### Given information
————
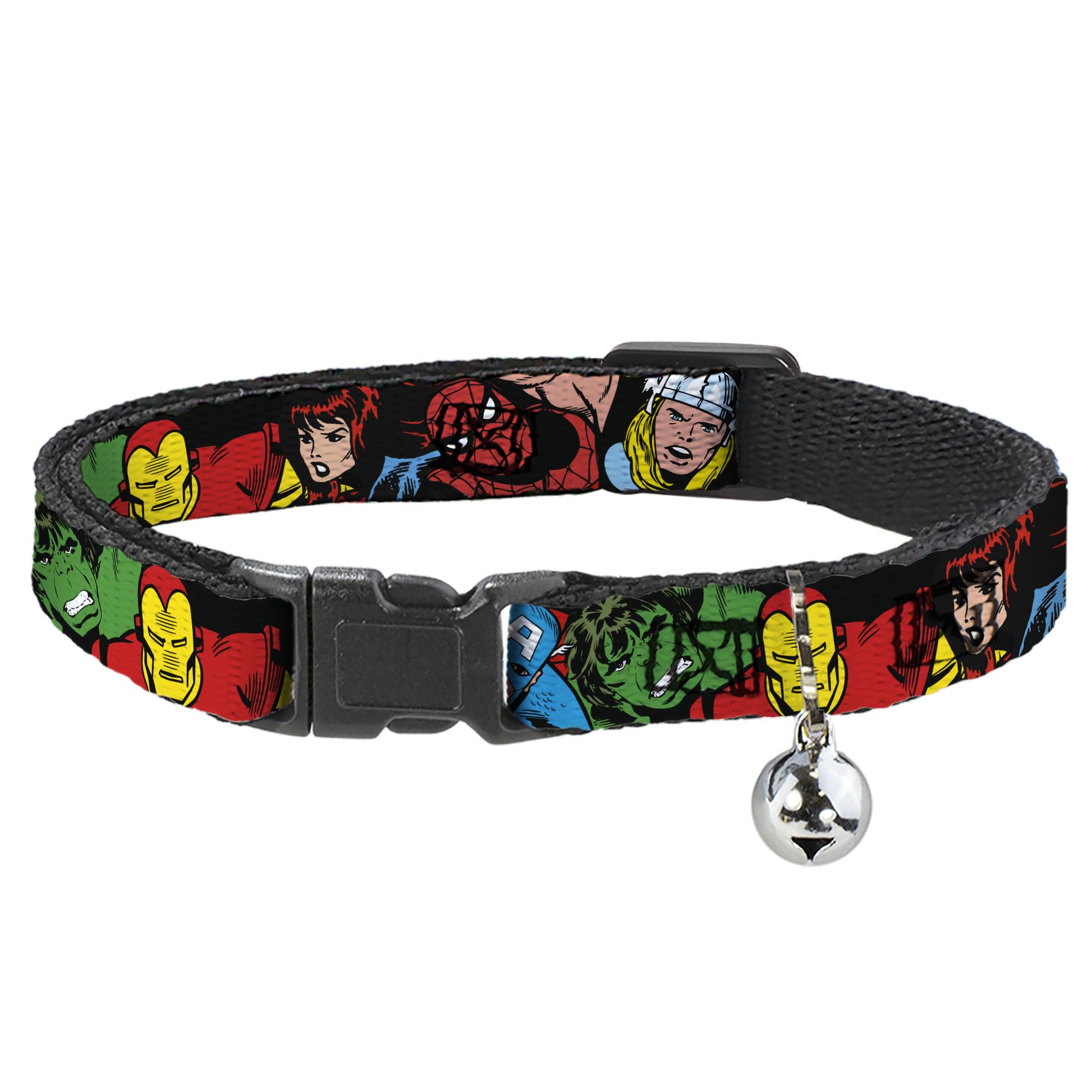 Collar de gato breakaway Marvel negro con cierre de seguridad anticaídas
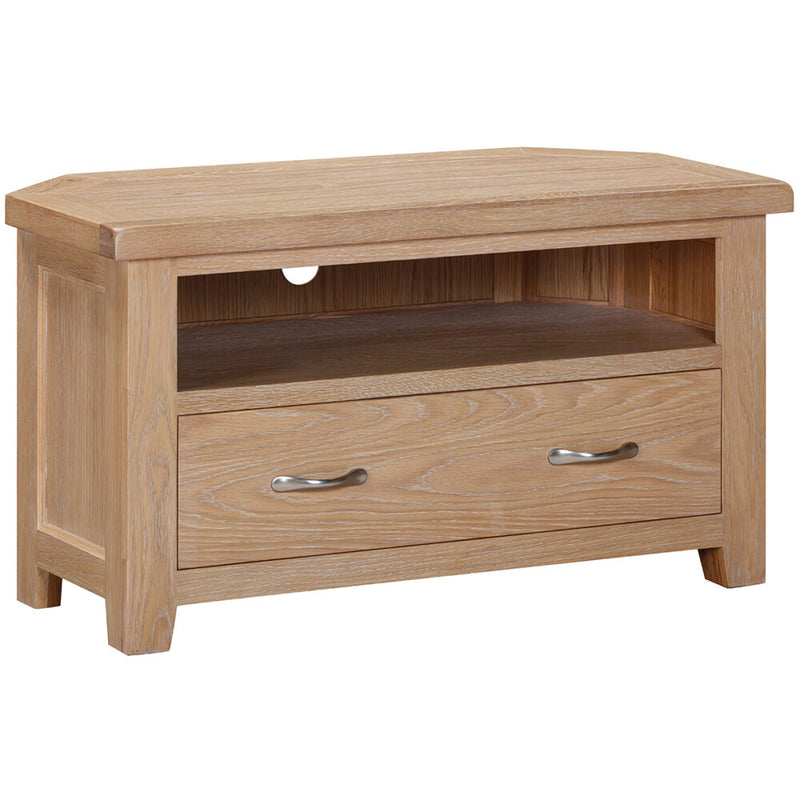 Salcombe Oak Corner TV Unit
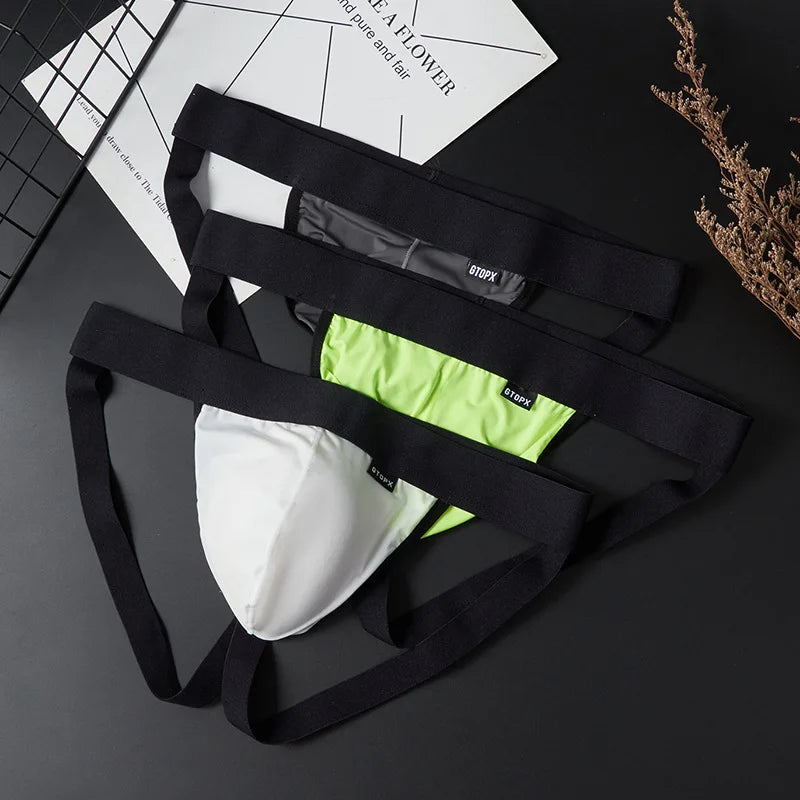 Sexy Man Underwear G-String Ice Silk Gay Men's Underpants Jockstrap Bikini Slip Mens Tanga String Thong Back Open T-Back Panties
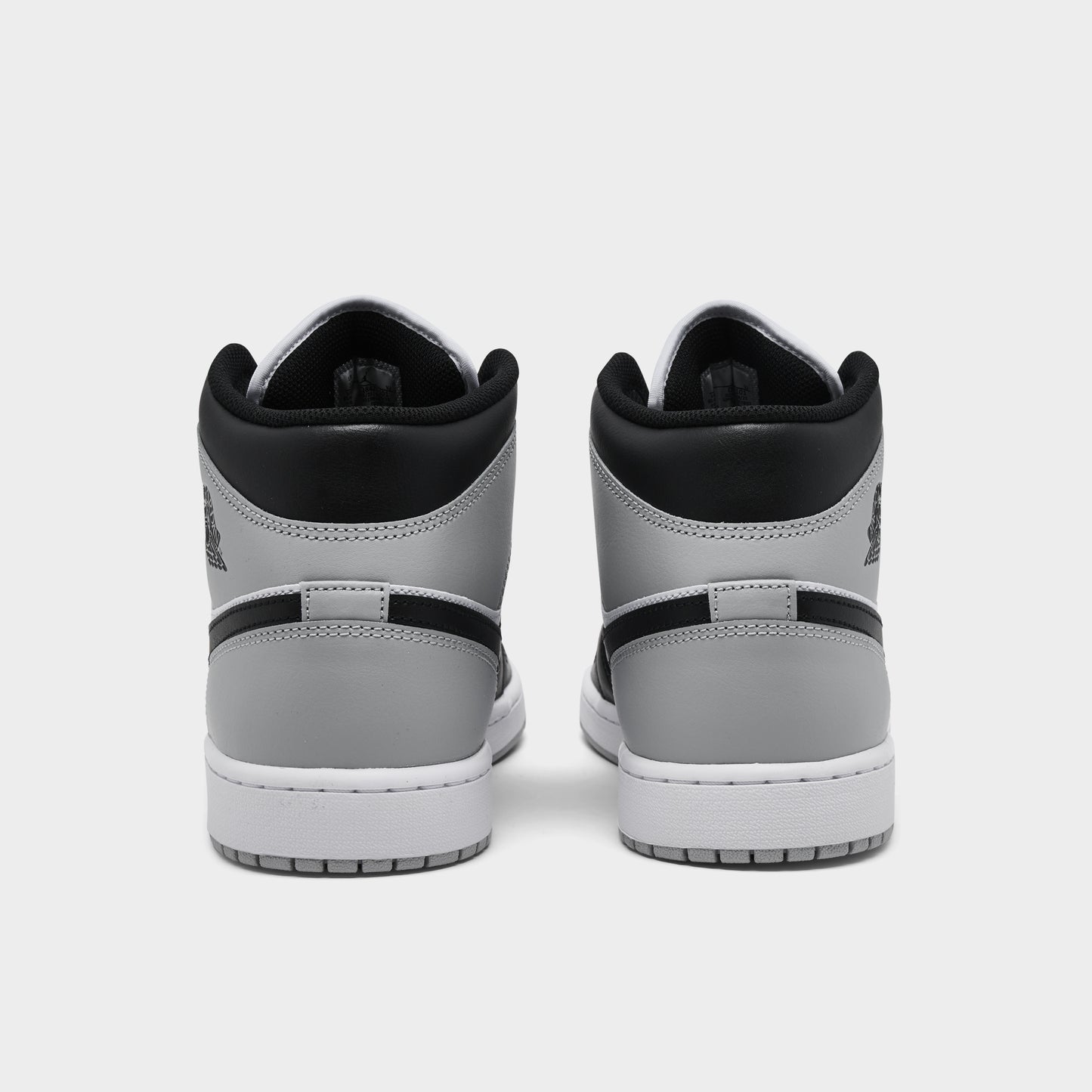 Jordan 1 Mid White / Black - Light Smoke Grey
————
### Task item
Leaving aside the pictures, copy the listing above exactly.

### Exercise response
 Collar de gato breakaway Marvel negro con cierre de seguridad anticaídas
 Salcombe Oak Corner TV Unit
 Sexy Man Underwear G-String Ice Silk Gay Men's Underpants Jockstrap Bikini Slip Mens Tanga String Thong Back Open T-Back Panties
 Jordan 1 Mid White / Black - Light Smoke Grey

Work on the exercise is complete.